#### [WORK INSTRUCTION]
Skipping all pictures, set down the lines of the listing from the first through the one with "Erwin-Riesch Arbeitstagung Systemanalyse".

#### [STORED DATA]
————————

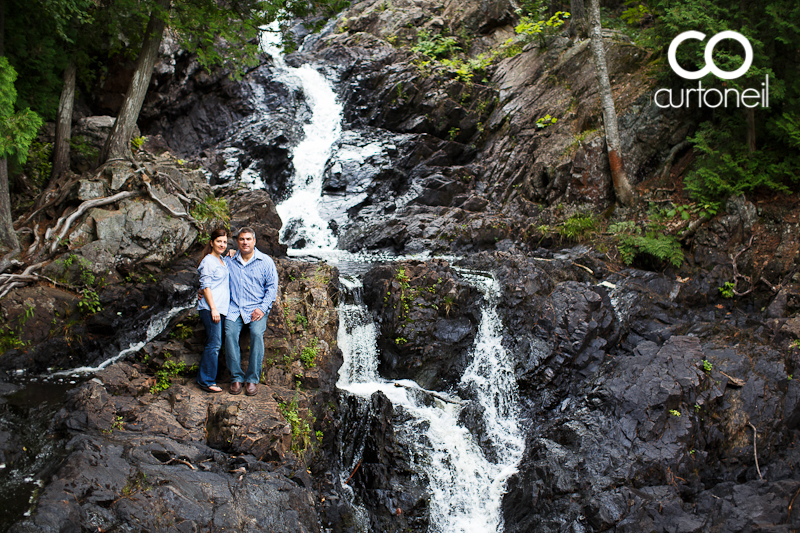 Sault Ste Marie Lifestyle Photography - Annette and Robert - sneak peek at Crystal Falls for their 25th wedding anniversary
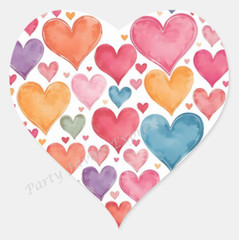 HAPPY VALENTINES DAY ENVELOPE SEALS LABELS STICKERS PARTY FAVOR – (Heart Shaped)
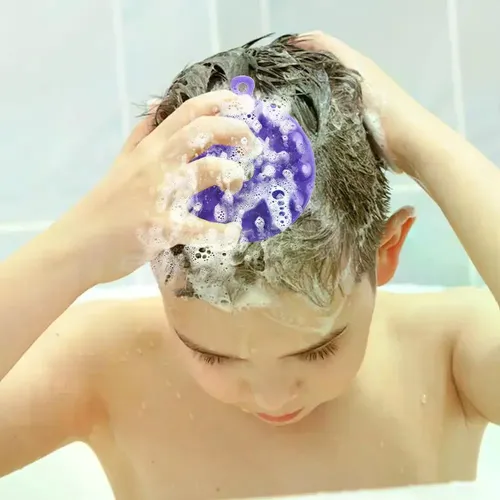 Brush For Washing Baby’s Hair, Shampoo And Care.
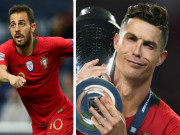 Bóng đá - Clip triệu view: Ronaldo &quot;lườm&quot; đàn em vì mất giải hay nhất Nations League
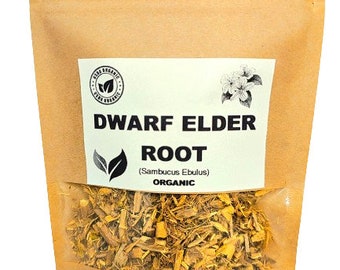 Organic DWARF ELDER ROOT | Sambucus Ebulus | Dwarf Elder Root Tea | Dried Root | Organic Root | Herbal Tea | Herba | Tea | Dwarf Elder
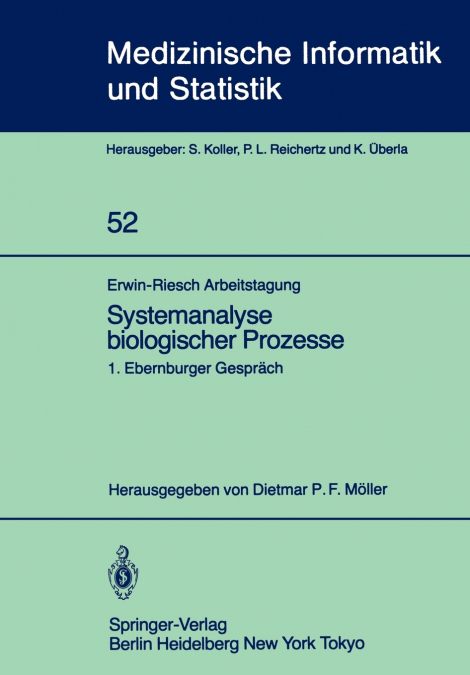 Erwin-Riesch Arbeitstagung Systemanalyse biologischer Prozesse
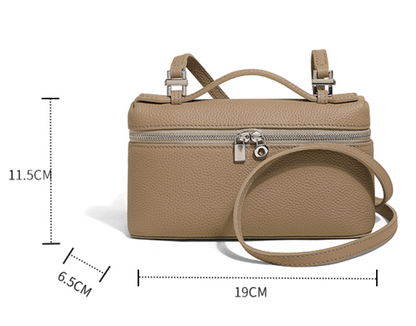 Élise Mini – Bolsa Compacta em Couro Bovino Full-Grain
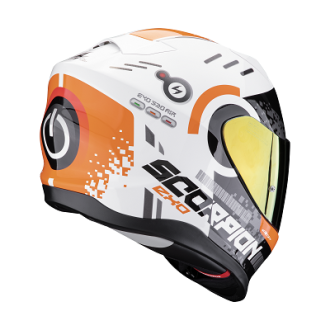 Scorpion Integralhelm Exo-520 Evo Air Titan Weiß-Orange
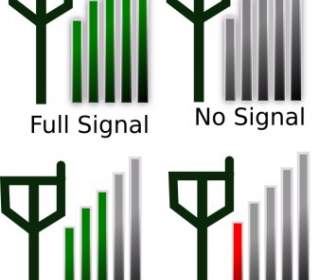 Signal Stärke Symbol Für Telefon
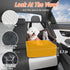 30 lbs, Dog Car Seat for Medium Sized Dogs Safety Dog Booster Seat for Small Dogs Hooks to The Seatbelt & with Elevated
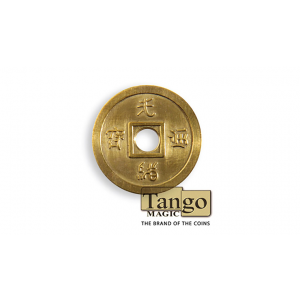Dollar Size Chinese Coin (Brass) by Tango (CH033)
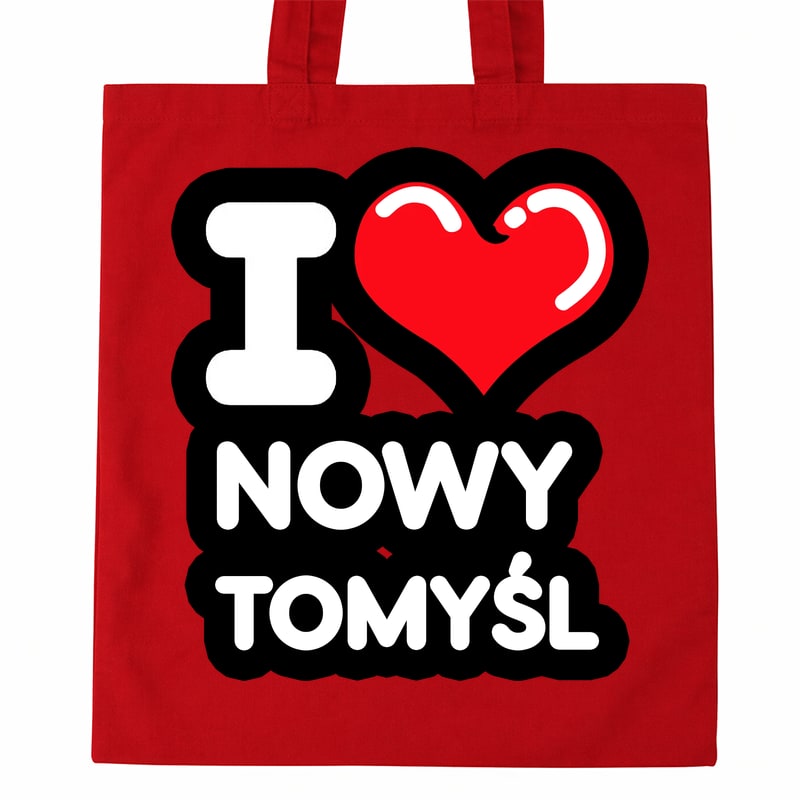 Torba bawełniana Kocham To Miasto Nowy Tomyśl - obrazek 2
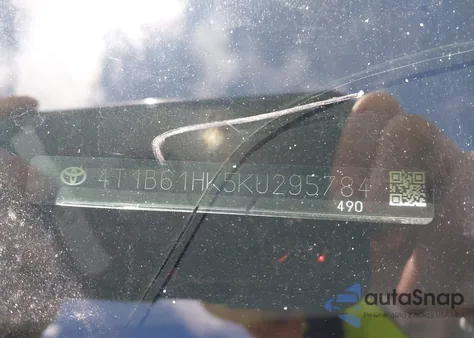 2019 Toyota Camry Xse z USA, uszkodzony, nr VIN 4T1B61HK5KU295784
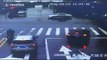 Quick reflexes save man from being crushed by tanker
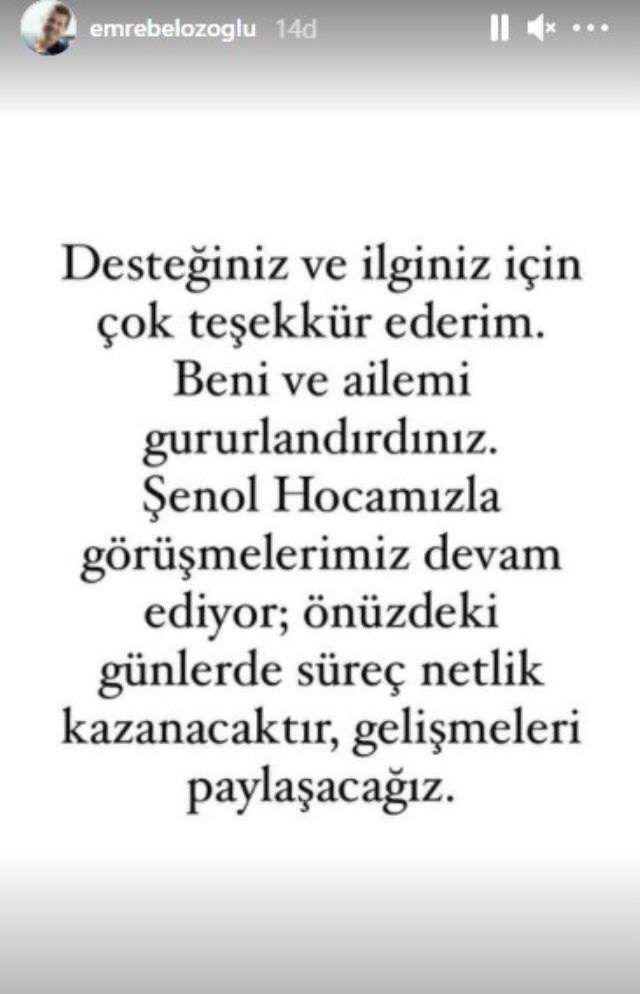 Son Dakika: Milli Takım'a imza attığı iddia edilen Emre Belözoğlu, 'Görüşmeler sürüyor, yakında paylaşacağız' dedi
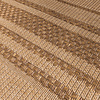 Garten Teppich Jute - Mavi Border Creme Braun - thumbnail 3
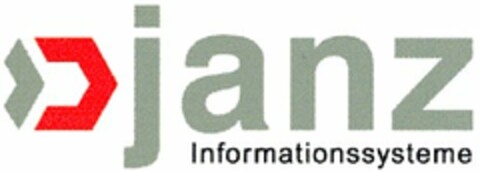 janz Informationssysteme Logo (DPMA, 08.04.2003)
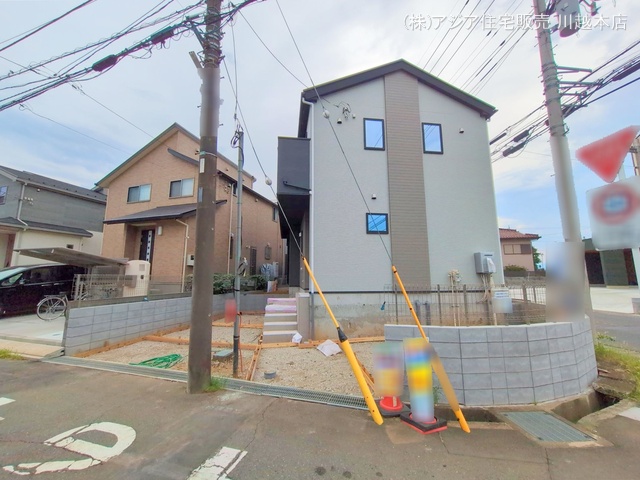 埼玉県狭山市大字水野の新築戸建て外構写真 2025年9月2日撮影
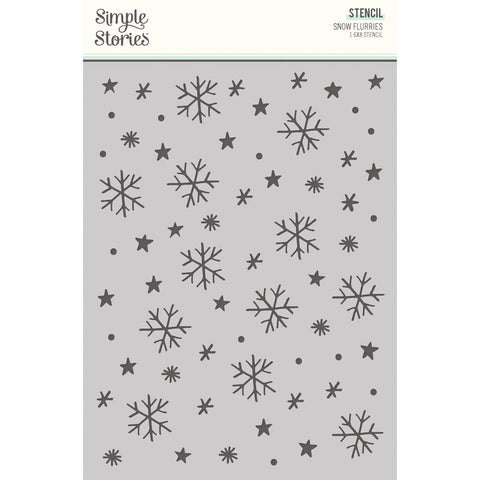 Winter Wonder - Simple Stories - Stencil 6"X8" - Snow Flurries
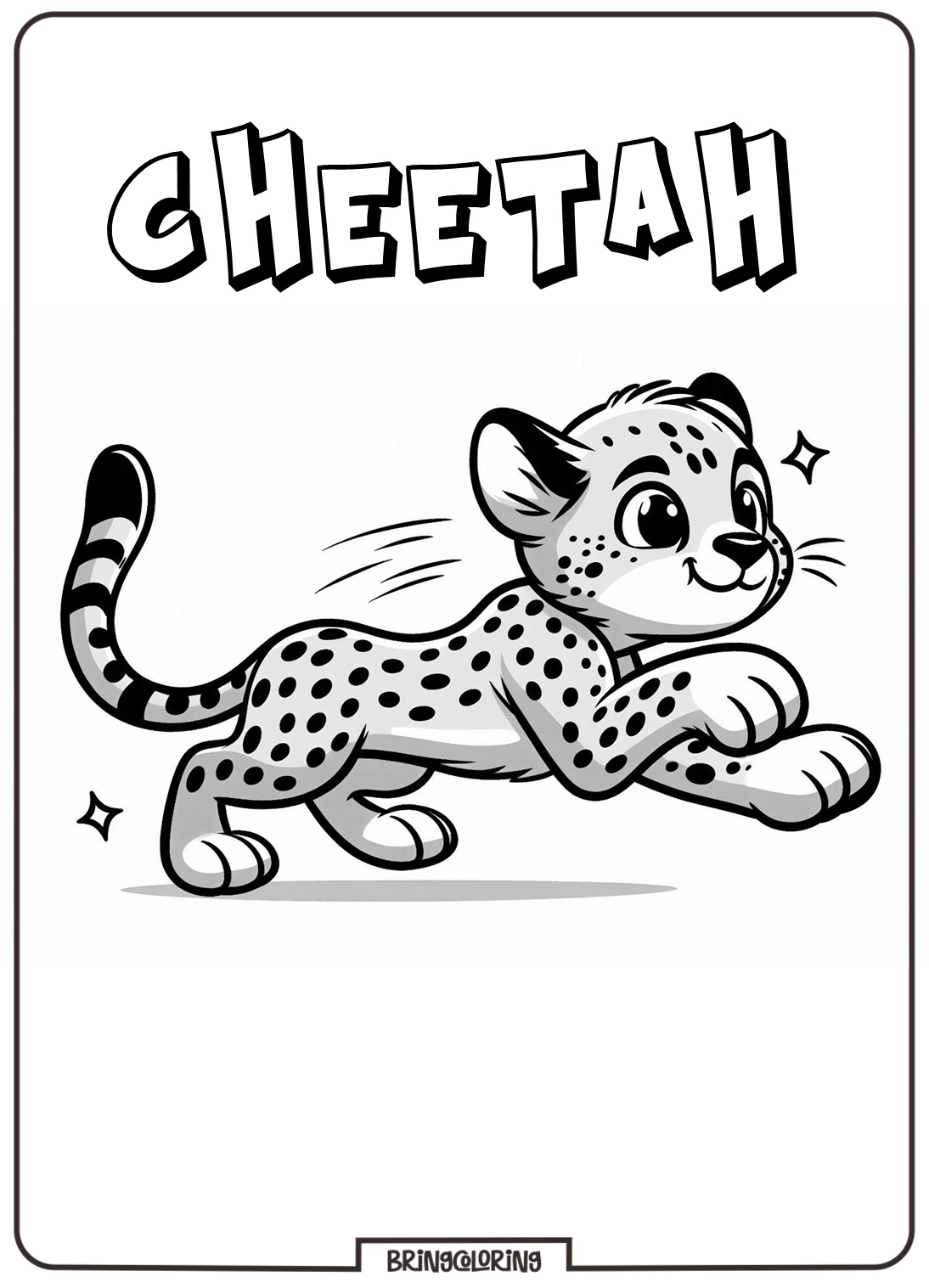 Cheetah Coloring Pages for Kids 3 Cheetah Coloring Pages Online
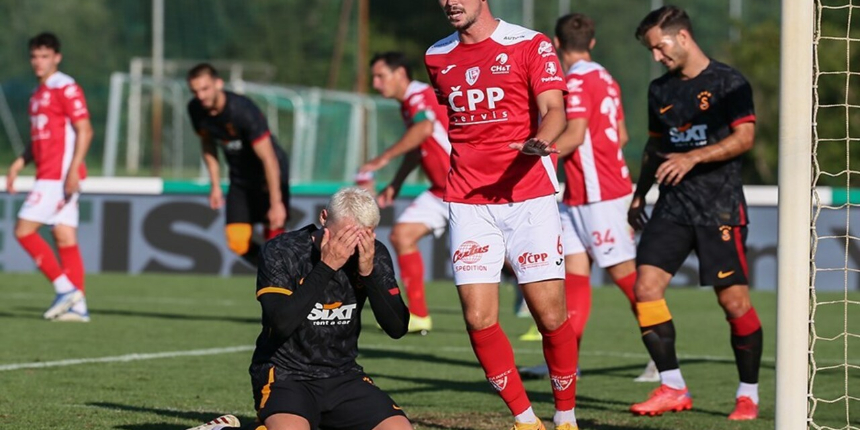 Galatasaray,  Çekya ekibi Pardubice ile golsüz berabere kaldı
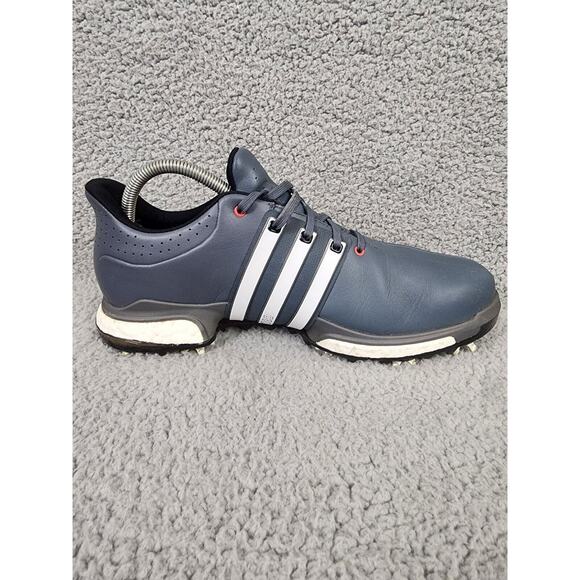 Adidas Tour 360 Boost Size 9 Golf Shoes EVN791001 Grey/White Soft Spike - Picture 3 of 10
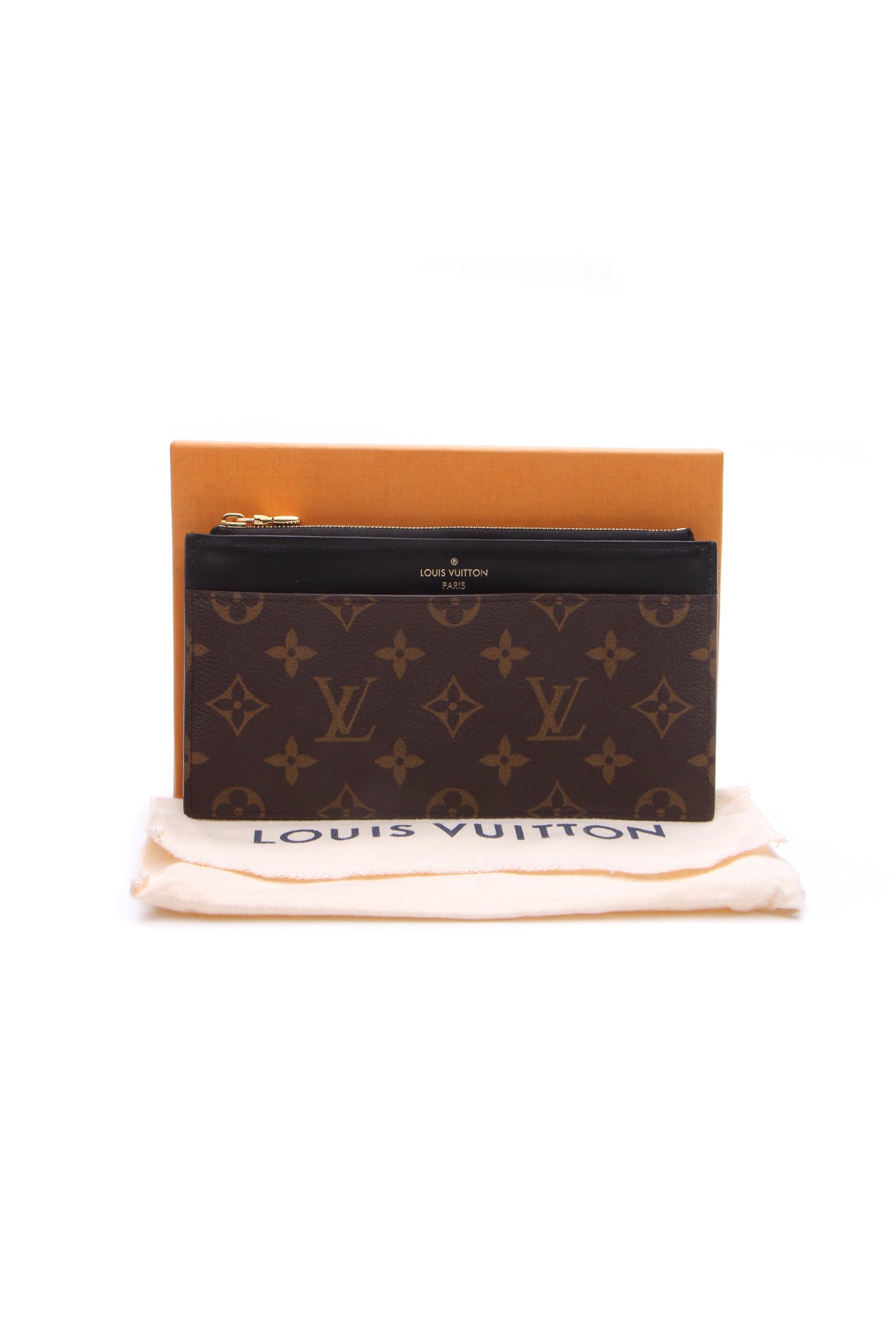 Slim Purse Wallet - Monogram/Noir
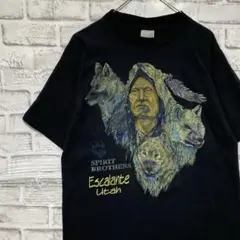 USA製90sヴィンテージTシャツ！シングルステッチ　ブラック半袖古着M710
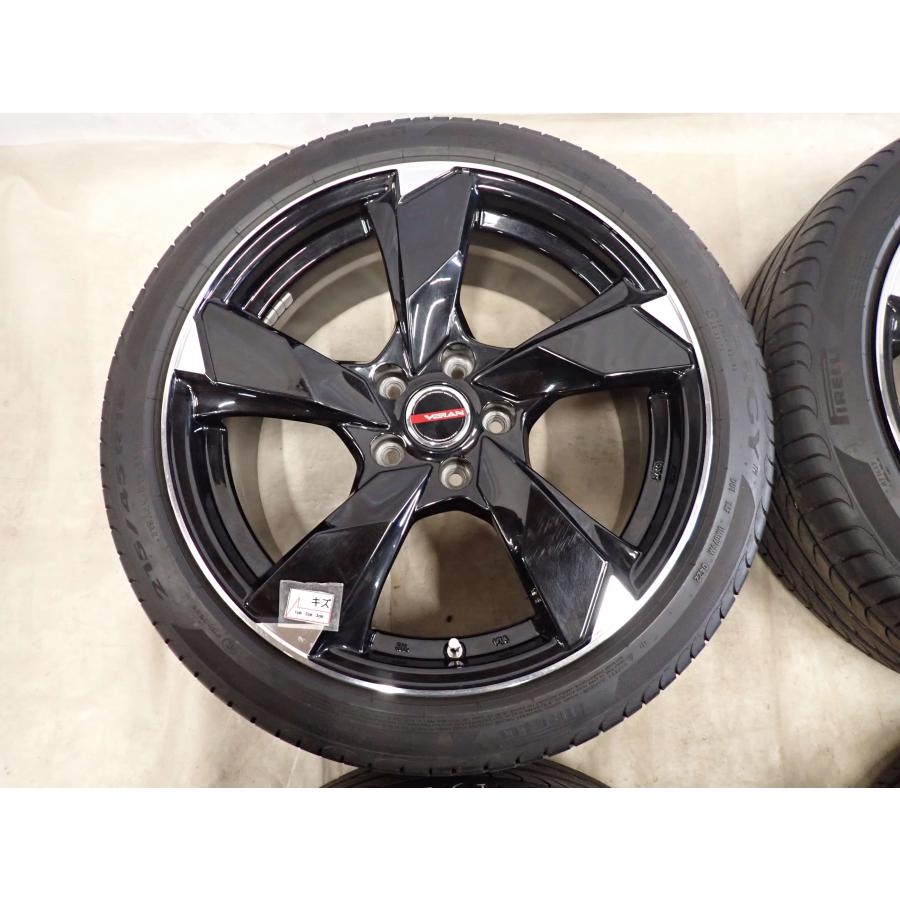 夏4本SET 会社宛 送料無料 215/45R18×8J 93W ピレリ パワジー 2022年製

————————

#### [YOUR RESPONSE]
 Sault Ste Marie Lifestyle Photography - Annette and Robert - sneak peek at Crystal Falls for their 25th wedding anniversary
 HAPPY VALENTINES DAY ENVELOPE SEALS LABELS STICKERS PARTY FAVOR – (Heart Shaped)
 Brush For Washing Baby’s Hair, Shampoo And Care.
 Bóng đá - Clip triệu view: Ronaldo &quot;lườm&quot; đàn em vì mất giải hay nhất Nations League
 Organic DWARF ELDER ROOT | Sambucus Ebulus | Dwarf Elder Root Tea | Dried Root | Organic Root | Herbal Tea | Herba | Tea | Dwarf Elder
 Erwin-Riesch Arbeitstagung Systemanalyse biologischer Prozesse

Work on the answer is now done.